Filters
where()
Filters select a subset of the rows in a table. Given a filter, a table will (usually) return a table like itself, but having only the rows that pass the filter criteria.
The main methods for applying filters are:
Table t = table.where(aSelection);
Column x = column.where(aSelection);
which includes all rows for which the filter returns true. And
table.dropWhere(aSelection)
which excludes all rows for which the filter returns true.
As you can see, for any given selection dropWhere() returns the complement of the records returned by where().
There are several other methods like where to explore. Before digging into table filters, though, we should look Selections, and at the column filters table filters build on.
Key point: One way that where() in tablesaw differs from the where clause in SQL, is that Tablesaw always returns records in the order they appear in the original column or table. This can be used to good advantage when working with time-series data.
Selections
Both columns and tables are filtered using selections. A selection is a logical bitmap (like a boolean array) with an entry for each element in the column. For any given element, if the corresponding bitmap entry is “true”, the element is included in the result.
Here’s what you need to know about selections.
- Selections are like bitmaps, in which ‘true’ means include ‘include the corresponding value(s)’ in the result.
- They’re usually applied to columns, but are used to filter tables as well
- Columns have many built-in selection methods
- Any operation that returns an appropriately-sized bitmap can be used
- You can write your own selection methods
- Selections are readily combined, using their and(), or(), and andNot().
Lets take a look at each of these.
Applying Selections to columns
Imagine a student table with a column named “birth date” and that we want to find all the birth dates in the year 2011. It turns out that this is easy to do, because there is a built in method (isInYear(anInt)) for that.
DateColumn bd = student.dateColumn("birth date");
Selection bdYear = bd.isInYear(2011);
Lets say that column bd contains these values:
Jan 22, 2011
April 14, 2010
March 9, 2011
August 4, 2010
The selection bdYear above contains 1, 0, 1, 0, since the first and third birth dates in the column are in year 2011 and the others are not.
To return a DateColumn containing birth dates in 2011, we could apply the selection to bd using the where() method, and passing the selection bdYear as an argument.
DateColumn bd2011 = bd.where(bdYear);
Generally, a filtered column, rather than a selection, is the result you actually want. You can, of course, inline the call:
DateColumn bd2011 = bd.where(bd.isInYear(2011));
This begs the question, why not just have isInJanuary() return a filtered column? There are several reasons. The next section covers the first.
Selections are used to filter tables as well as columns
Because DateColumn method isInYear(anInt) return a Selection, rather than a new column, we can use the same method to filter either the column itself or the table that contains the column.
To filter the entire student table we simply apply the same selection to the table, again using the method where(aSelection).
Table studentsBornIn2011 = students.where(bdYear)
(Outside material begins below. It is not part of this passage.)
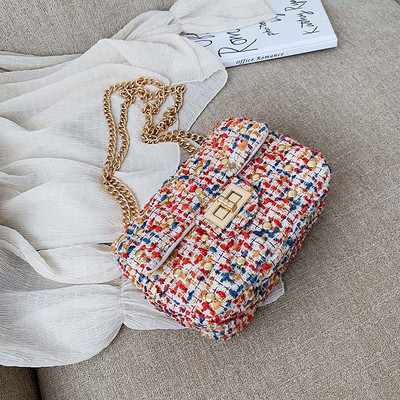 Geanta de dama eleganta cu model colorat si inchidere metalica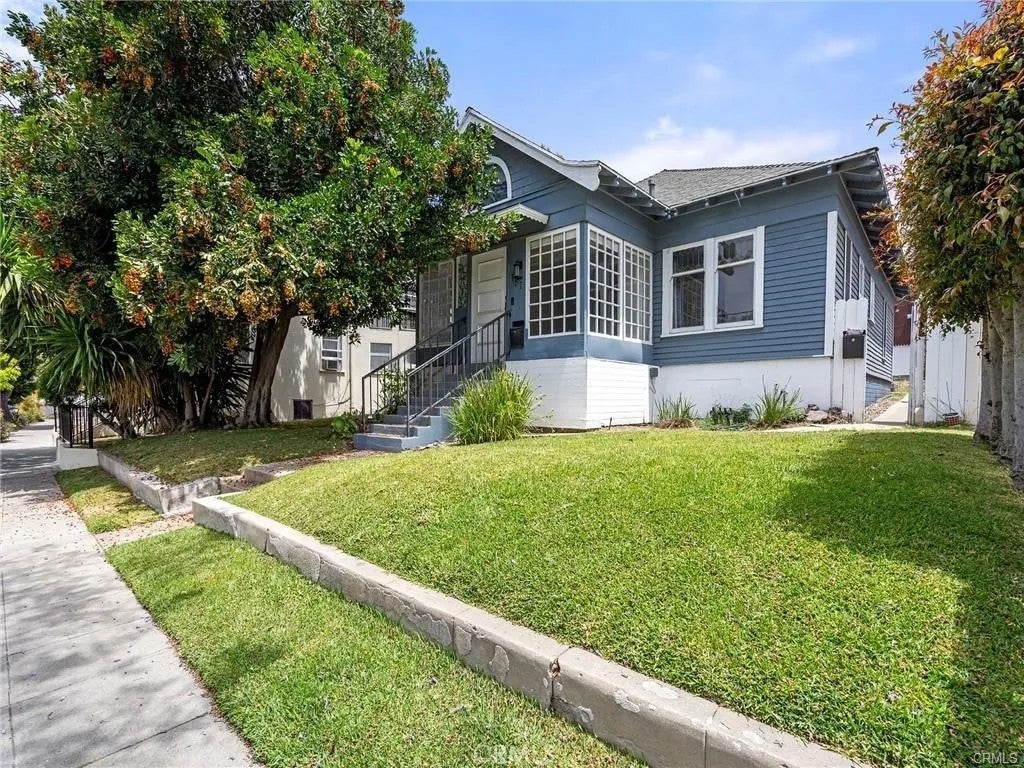 Photo of 757 N Loma Vista, Long Beach, CA 90813 (MLS # OC26173656)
The only constraint is that the column used to create the Selection and the table where it’s applied must have the same number of rows.
Columns have many built-in selection methods
Much of Tablesaw’s power comes from the number and range of filters built into the library. When you need one, there’s often a method that does what you want. StringColumn, for example, has the methods startsWith(aString) and endsWith(aString), both returning a Selection.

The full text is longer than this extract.